It’s a silver anniversary like no other: Monica Lewinsky is…not celebrating, per se, but looking back on her 25 years in the public eye via a new essay (a listicle, really) for Vanity Fair, titled “Monica Lewinsky: 25 ‘Randoms’ on the 25th Anniversary of the Bill Clinton Calamity.”

“On January 21, 1998, the political maelstrom that eventually led to President Bill Clinton’s impeachment began with a news-alert bow shock when it was revealed that he and I—during my tenure as a White House intern—had begun and maintained a long-running relationship,” she writes in the intro, before getting into the “randoms” (read: bullet points of observations and wisdom gleaned from her extremely public ordeal and the aftermath). It was on that date that news of the relationship broke in the mainstream press via the Washington Post’s story titled “Clinton Accused of Urging Aide to Lie.” A few days prior, the Drudge Report posted that Newsweek magazined had recently “killed a story that was destined to shake official Washington to its foundation: A White House intern carried on a sexual affair with the President of the United States!”

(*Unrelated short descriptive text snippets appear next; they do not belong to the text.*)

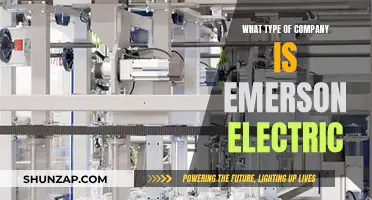 Emerson Electric: A Deep Dive into Its Corporate Structure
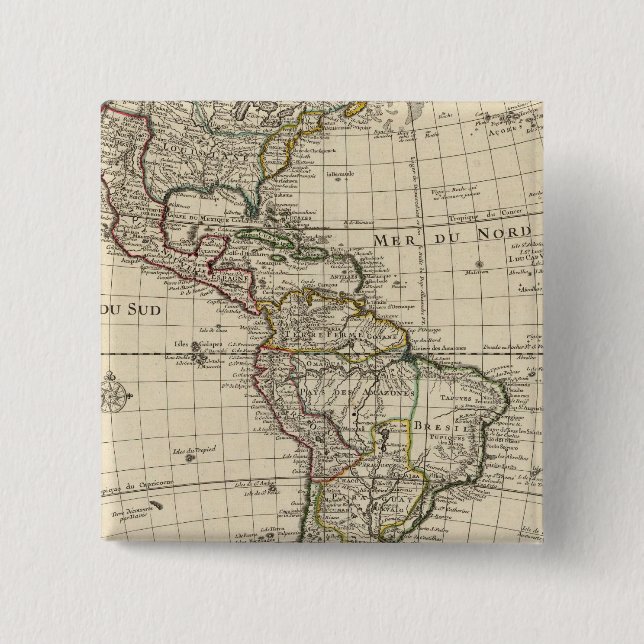 Western Hemisphere 2 Button (Front)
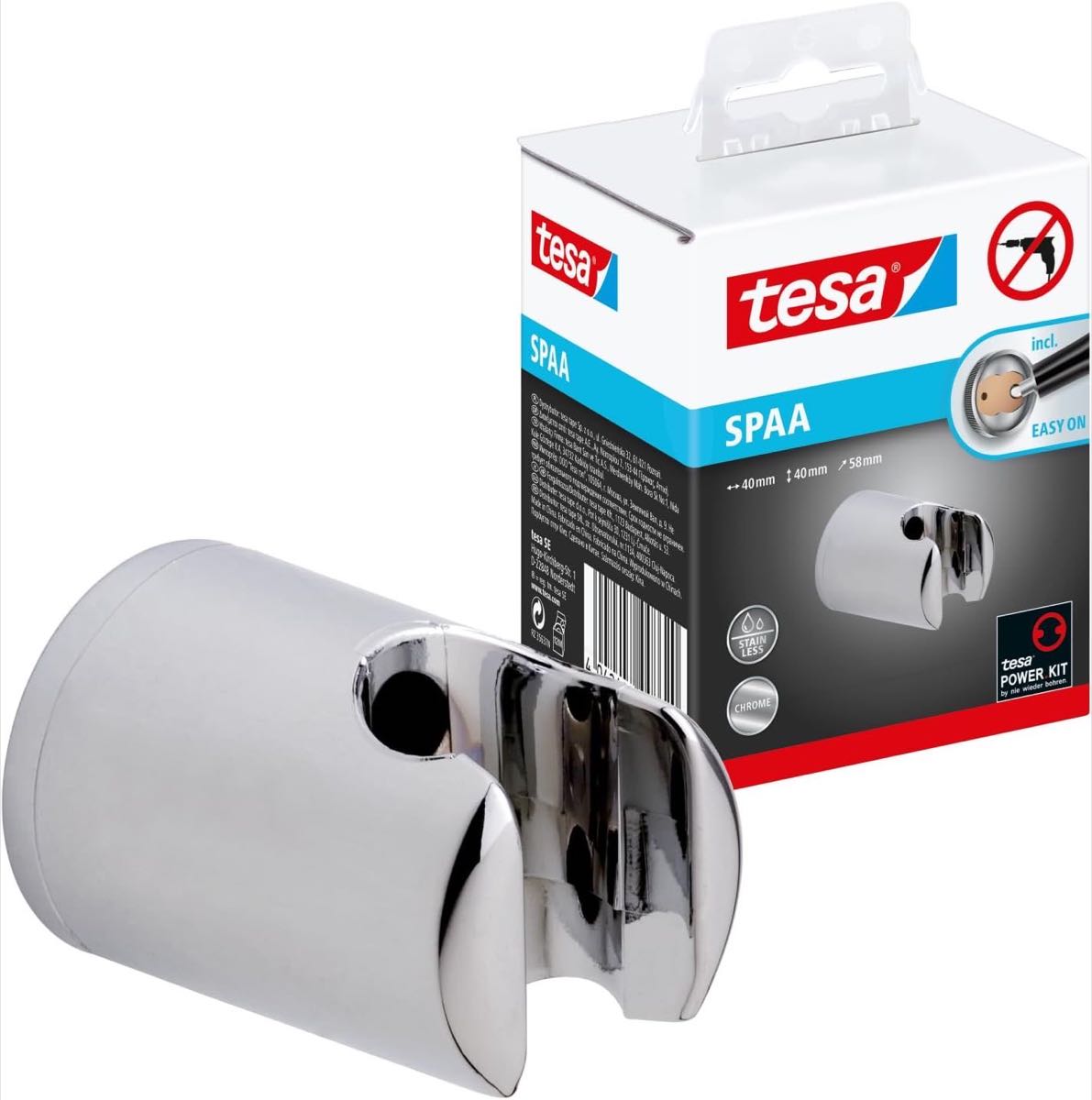 tesa tesa SPAA Duschkopfhalter
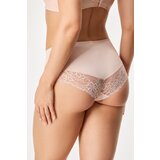 Sermija klasične hlačke honeylin z visokim pasom | Shoptok.si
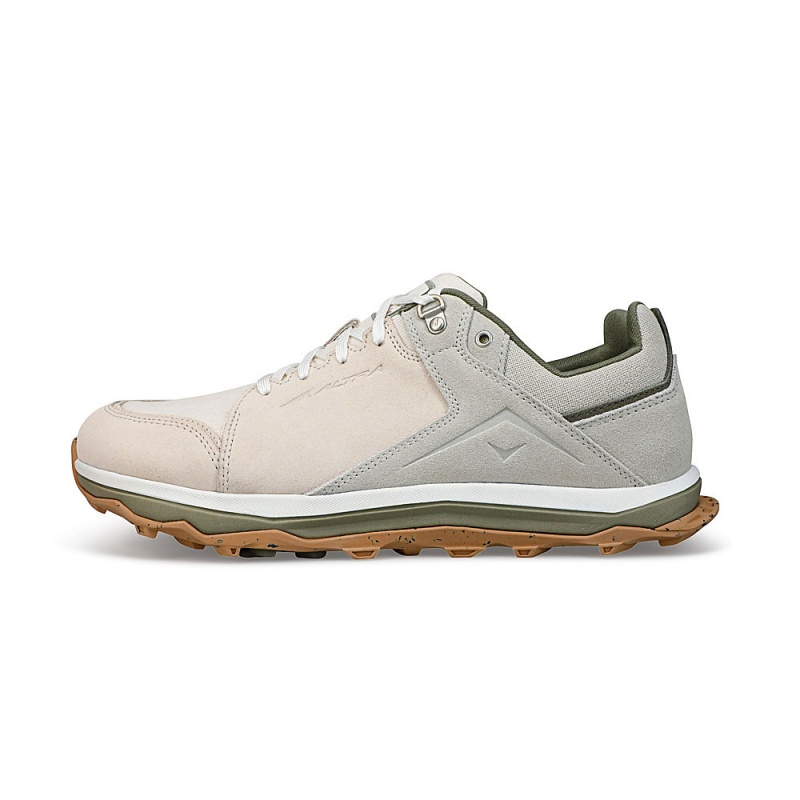 Altra LP ALPINE Wanderschuhe Herren Braun | Deutschland AL3452R59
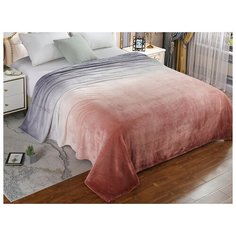 Пледы Cleo "OMBRE" велсофт евро 200*220, 200/012-OMB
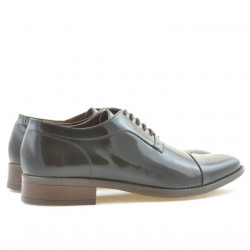 Eleganckie buty męskie 802 a brązowy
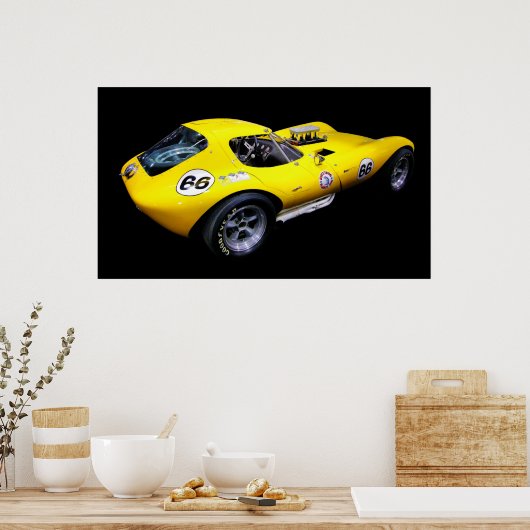 チーター！. ポスター (キッチン)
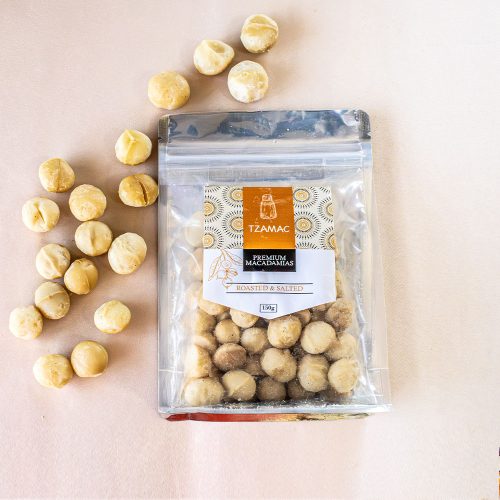 Roasted & Salted Macadamias (1kg)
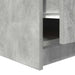 Masuta de cafea cu sertare Gri beton 100x100x40 cm - WALTI WALTI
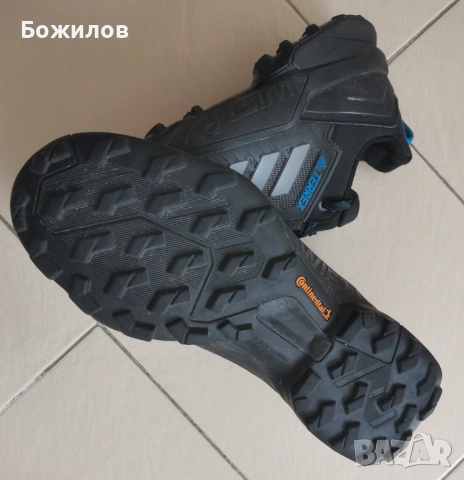 Adidas Terrex SWIFTER PROMODERATOR подметка Continental №42 2/3, снимка 6 - Маратонки - 54395280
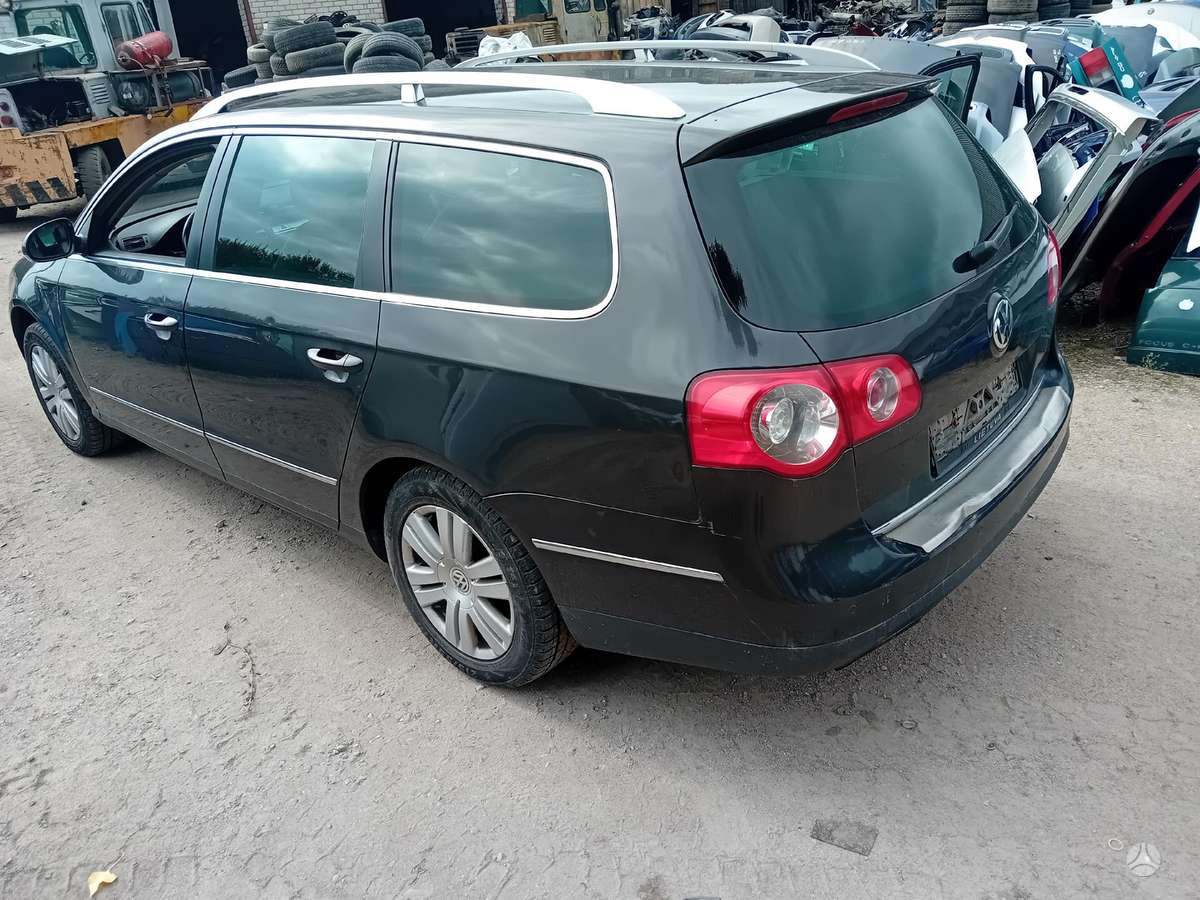 Volkswagen Passat dalimis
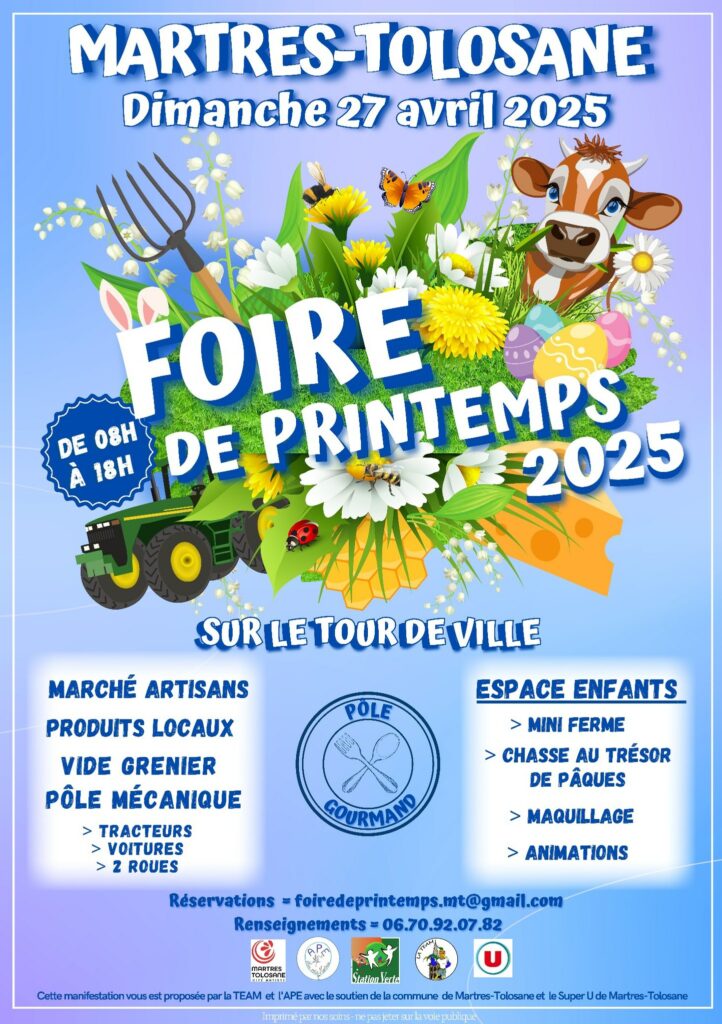 Foire de printemps
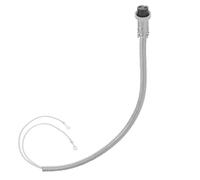 SMASOLO Universal Popcorn Machine Power Cord Replacement 8oz Popcorn Kettle Quick Disconnect Wire Harness 2-pin 15mm Plug for Commercial and Home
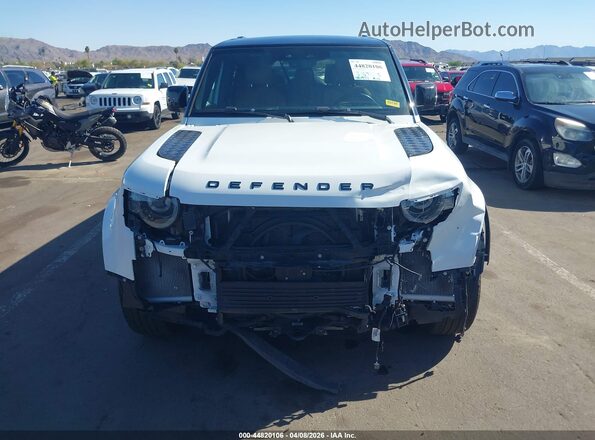 SALEPFEU3P2206811 2023 LAND ROVER DEFENDER Белый Вид щитка приборов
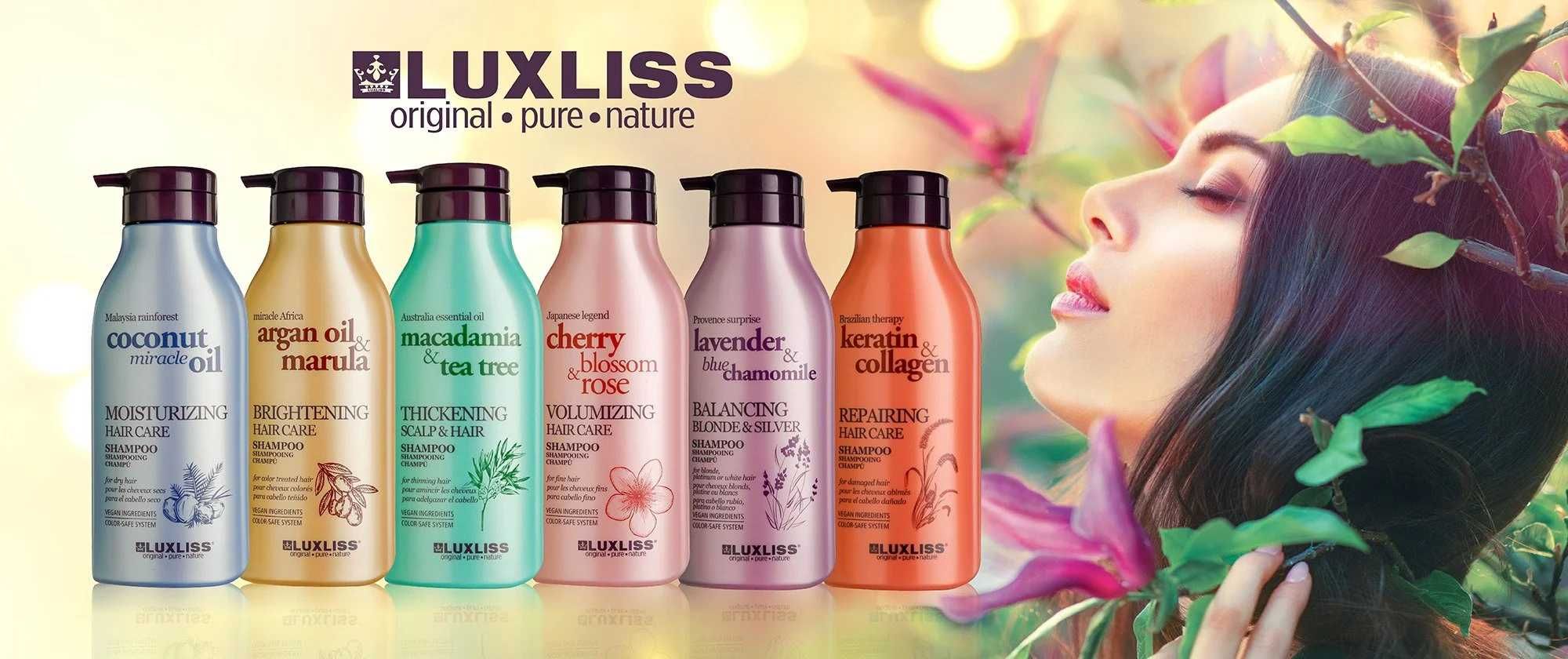 Шампунь для волосся Люкслісс Luxliss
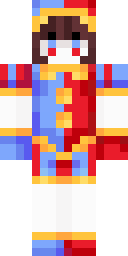 2D skin preview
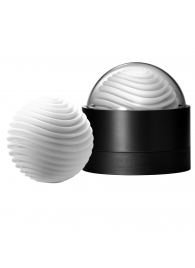 Белый мастурбатор Tenga Geo Aqua - Tenga - в Муроме купить с доставкой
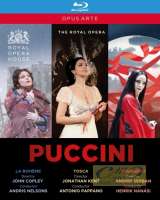 Puccini: La Boheme,  Tosca, Turandot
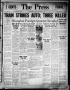 Newspaper: The Press (Fort Worth, Tex.), Vol. 6, No. 149, Ed. 1 Friday, March 25…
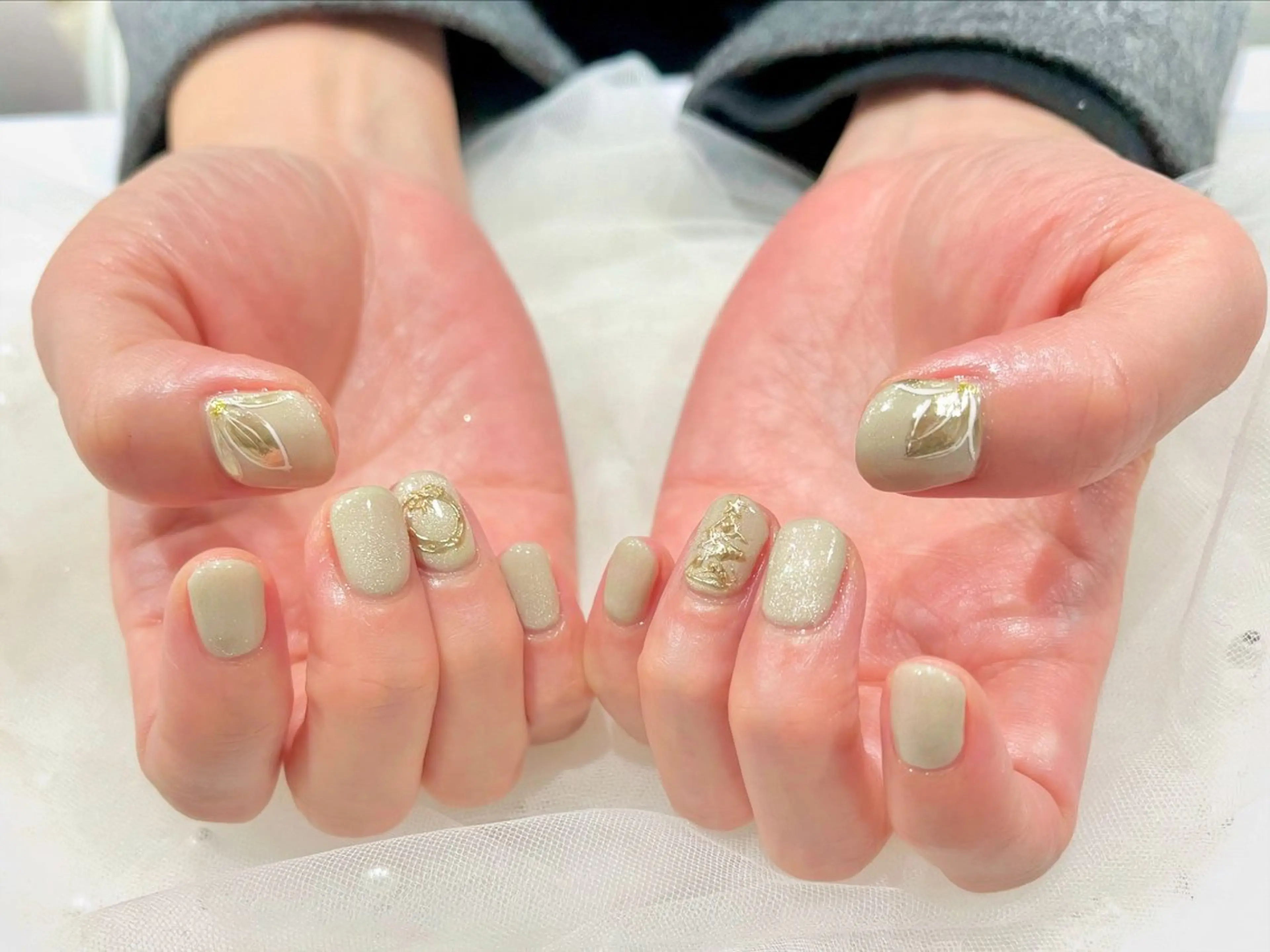 ネイル アートネイル Nail salon Cielel⟡Ayaのネイルデザイン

Lewinsky’s randoms range from cogent (No. 4: “The blame-the-woman mindset has thankfully receded over time through social conditioning. One prime example: What began in 1998 as ‘the Lewinsky Scandal’ or ‘the Lewinsky Affair’…underwent a nomenclature upgrade as the years marched on”) to frustratingly vague (No. 11: “As the years pass, one’s taste in partners gets better. (Wink.)”). Some of her observations require more than a tweet’s worth of content to stand on their own (No. 15: “The multiverse is real”); some have been already said to death (No. 3: “In 2023, we are (sadly) closer to the reality of Margaret Atwood’s The Handmaid’s Tale than we were when the book was published in 1985″).

Lewinsky references her 2014 essay for Vanity Fair that got the wheels rolling on this current sage phase of her fame, in which she offers insight through the viewing of her Clinton affair via her specific perspective. This type of reassessing became only more visible during the #MeToo movement, which Lewinsky refers to as “a baseline, not an aberration” in her recent VF piece. Telling her story on her terms has become something of Lewinsky’s brand—she co-produced the narrative adaptation of her scandal American Crime Story: Impeachment in 2021. This Lewinsky era is yet another product of accrued wisdom to hear her tell it. As she writes in random No. 18:

You cannot run away from your narrative. Perhaps the most challenging idea I had to come to accept was that there is no shedding or unshackling of the self that sprang from 1998 (and that made the behavioral decisions that landed me there). You can only try to integrate your previous selves with as much compassion as you can muster.